Cloud computing makes it possible to build scalable machine learning systems for processing massive amounts of complex data, be them structured or unstructured, real-time or historical, the so-called Big Data. Publicly available cloud computing platforms have been made available, for instance, Amazon EC2, EMR, and Google Compute Engine. More importantly, open source APIs and libraries have also been developed for ease of programming on the cloud, for instance, Cascading, Storm, Scalding, Apache Spark and Trackur. Meanwhile, computational intelligence approaches, examples of which include evolutionary computation, immune-inspired approaches, and swarm intelligence, are also employed to develop scalable machine learning and data analytics tools.

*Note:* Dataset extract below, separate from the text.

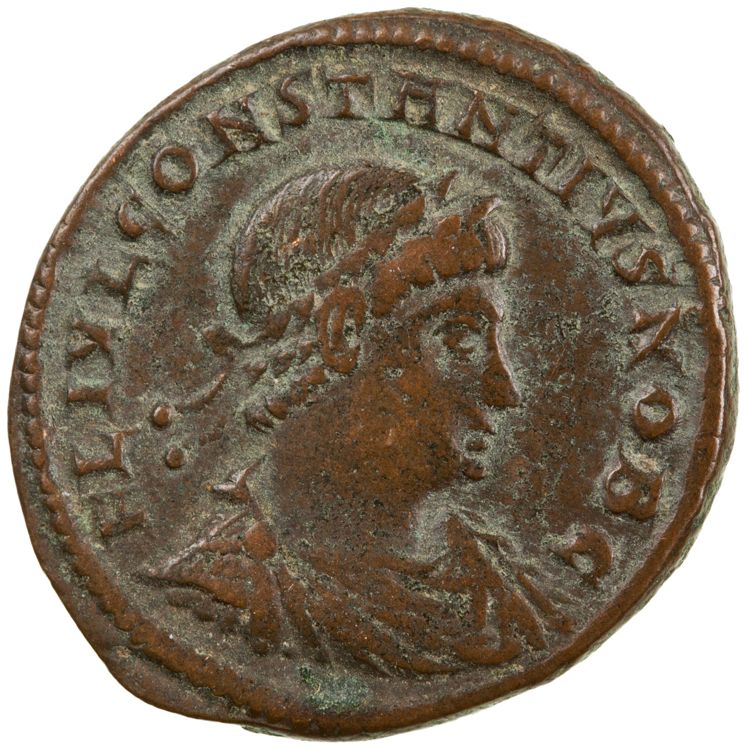RIC VII Nicomedia 191, obverse, American Numismatic Society (ans)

In this project, we presented the sentiment-focused web crawling problem and designed a sentiment-focused web crawler frame-work for faster discovery and retrieval of sentimental context on the Web. We have developed a computational framework to perform automated reputation analysis on the Web using Natural Language Processing and Machine Learning. This paper introduces such framework and tests its performance on automated sentiment analysis for brand reputation. In addition, we proposed different strategies for predicting the polarity scores of web pages.
Experiments have shown that the performance of our proposed framework is more efficient than existing frameworks. Reputation analysis is a useful application for organizations that are looking for people's opinions about their products and services.

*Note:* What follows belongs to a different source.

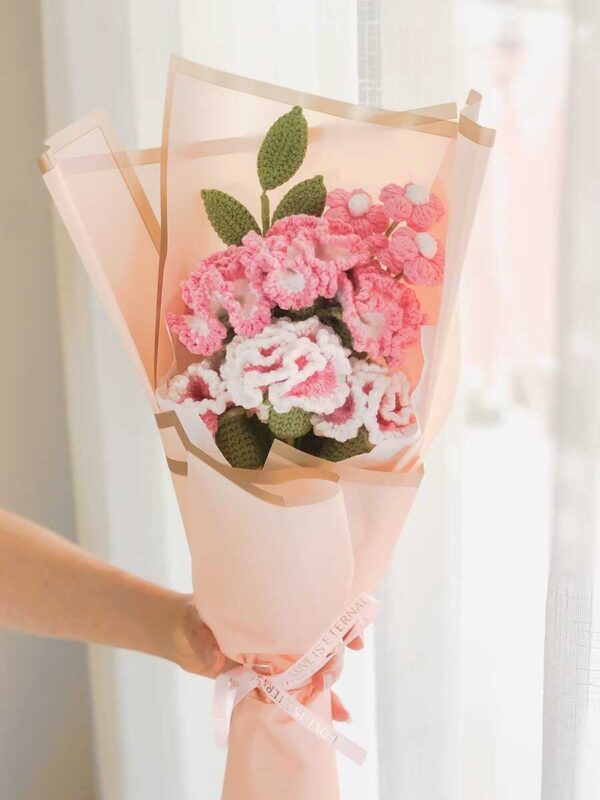 hoa cẩm chướng len (3)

Our approach consists of 4 parts: in the first part, the framework performed Web crawling based on the query specified by the user. In the second part, the framework locates relevant information within textual data using Entity Recognition. In the third part, relevant information was recorded in the database for feature extraction/engineering and classification. Lastly, the framework displayed the data for reputation analysis. In the training phase, we used data provided by the marketing team of the University of the Witwatersrand, Emoticons, a subset of the SentiStrength lexicon and ClueWeb09 dataset. Each domain was labelled accordingly (positive/negative and neutral) with equal numbers of polarity in plain text. In the test phase, the classifier predicted the polarity of real-time data. We used accuracy as evaluation metric to measure how much our classifier acted precisely.
Frequently Asked Questions
What is the primary focus of this research?
The primary focus of this research is to provide a framework for automatically collecting and analyzing opinions for reputation analysis on the Internet, with a case study focusing on Wits (University of the Witwatersrand).
What are the aims and objectives of this research?
The research aims to implement a real-time reputation analysis platform, develop efficient algorithms for reputation analysis, study the reputation of Wits University on the Internet, and systematically evaluate the proposed framework.
What is the system architecture described in the research?
The system architecture includes a web crawler, a database, and components for Natural Language Processing (NLP) and Machine Learning (ML). The crawler collects data, which is then processed using named entity recognition and stored in the database. Sentiment detection, feature extraction, and engineering are performed before classification and display of the results through a web-based interface.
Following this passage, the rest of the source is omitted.